§483.12(c) In response to allegations of abuse, neglect, exploitation, or mistreatment, the facility must:
§483.12(c)(1) Ensure that all alleged violations involving abuse, neglect, exploitation or mistreatment, including injuries of unknown source and misappropriation of resident property, are reported immediately, but not later than 2 hours after the allegation is made, if the events that cause the allegation involve abuse or result in serious bodily injury, or not later than 24 hours if the events that cause the allegation do not involve abuse and do not result in serious bodily injury, to the administrator of the facility and to other officials (including to the State Survey Agency and adult protective services where state law provides for jurisdiction in long-term care facilities) in accordance with State law through established procedures.

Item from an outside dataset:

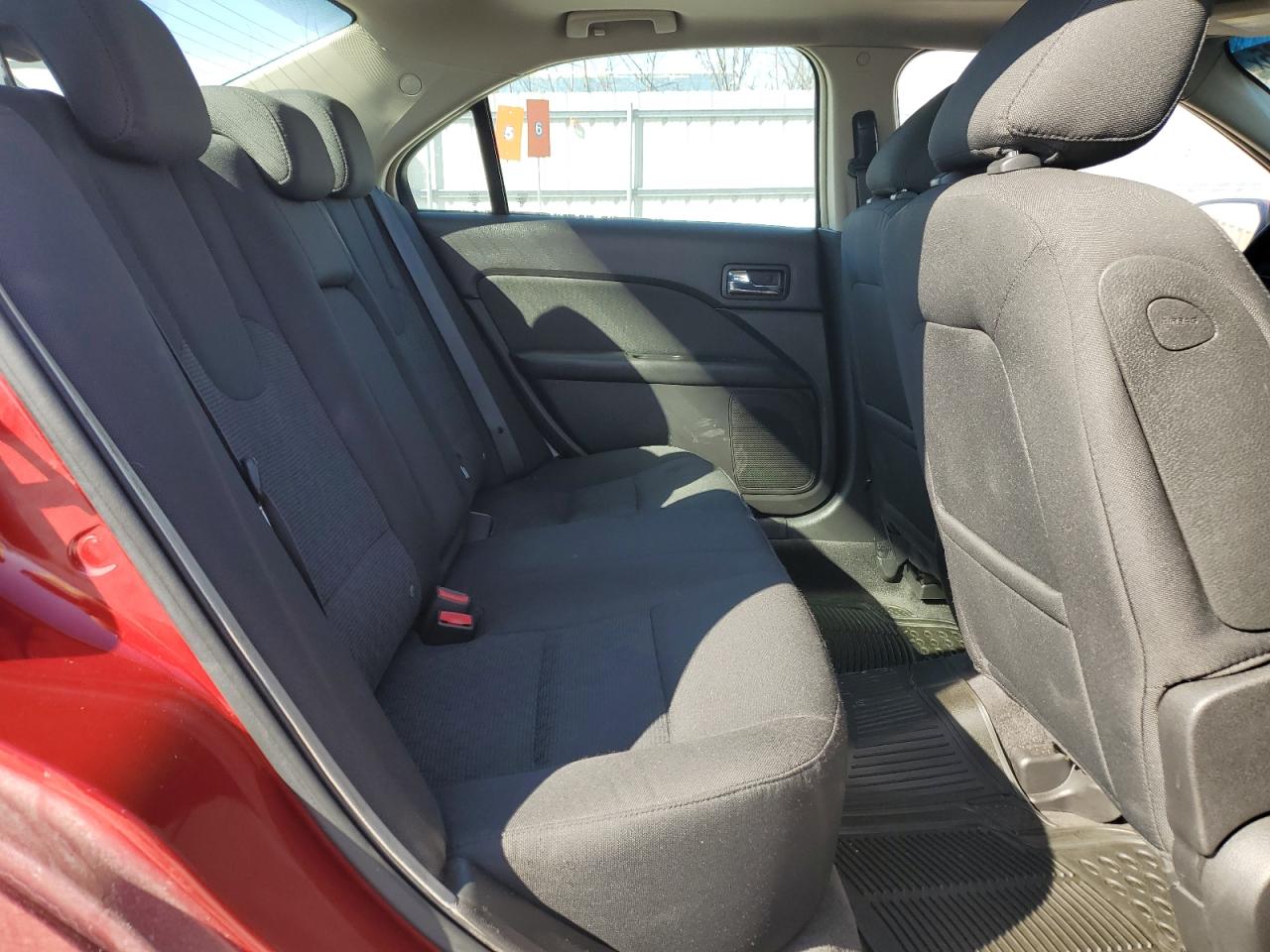 2010 Ford Fusion - Image 10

§483.12(c)(4) Report the results of all investigations to the administrator or his or her designated representative and to other officials in accordance with State law, including to the State Survey Agency, within 5 working days of the incident, and if the alleged violation is verified appropriate corrective action must be taken.
|
Observations:
Findings include:
Review of facility's policy dated 7/1/25, "Abuse, Neglect, and Exploitation" stated it is the policy of the facility to provide protections for the health, welfare, and rights of each resident by developing and implementing written policies and procedures that prohibit abuse and neglect. Neglect means failure of the facility, its employees, or service providers to provide good and services to a resident that are necessary to avoid physical harm, pain, mental anguish, or emotional distress. Reporting of all alleged violations to the Administrator, state agency, adult protective services and to all other required agencies within a specific timeframe; immediately, but no later than two hours after the allegation is made, if the events that cause the allegation involve abuse or result in serious bodily injury, or no later than 24 hours if the events that cause the allegation do not involve abuse and do not result in serious bodily injury.
Review of Residents R1's admission record indicated the resident was admitted on 2/12/26, and readmitted 2/17/26, with diagnoses of constipation, high blood pressure, and cervicalgia (neck pain).
Review of Resident R1's progress note dated 2/12/26, entered by Registered Nurse (RN), Employee E1 revealed the resident requested to go to the hospital for abdominal pain and constipation. "He called 911 himself."
Review of information submitted to the State Agency on 2/16/26, by the Director of Nursing revealed on 2/13/26, Resident R1 stated he wanted to go to the hospital, and the Licensed Practical Nurse (LPN) and Nurse Aide (NA) reported to RN, Supervisor, Employee E1 that the resident was requesting to be sent out. RN Supervisor, Employee E1 refused to assess resident and refused to send him out to the hospital. The facility failed to report the allegation of neglect within 24 hours to the local state field office.
During an interview on 2/25/26, at 12:37 p.m. the Director of Nursing confirmed allegations of neglect must be reported to the appropriate agencies within 24 hours.
During an interview on 2/25/26, at 1:18 p.m. the Director of Nursing and Nursing Home Administrator confirmed the facility failed to report an allegation of neglect within 24 hours to the local state field office for one of two residents (Resident R1).
28 Pa. Code: 201.14(a) Responsibility of licensee. 28 Pa. Code: 201.18(e)(1) Management. 28 Pa. Code: 207.2(a) Administrator's responsibility. 28 Pa. Code: 211.10(d) Resident care policies.
| | Plan of Correction - To be completed: 04/06/2026
1. Allegation of neglect was reported to the DOH through the ERS system.
2. A 30 day lookback was completed to review all risk events to ensure no abuse and neglect occurred, no incidents found that were not already reported.
3. Nursing Home Administrator will educate the Director of Nursing on the requirements for reporting, including timeframe to report and agencies that need reported to.
4. DON or designee will conduct audits of risk events to ensure abuse and neglect did not occur 5x/weekly times 2 weeks, 2x/weekly times 2 weeks and monthly times 2.
5. Nursing Home Administrator will monitor DOH ERS site and conduct an audit weekly on timely reporting of events to Department of Health.
6. All audits are reviewed through the QA/QI process.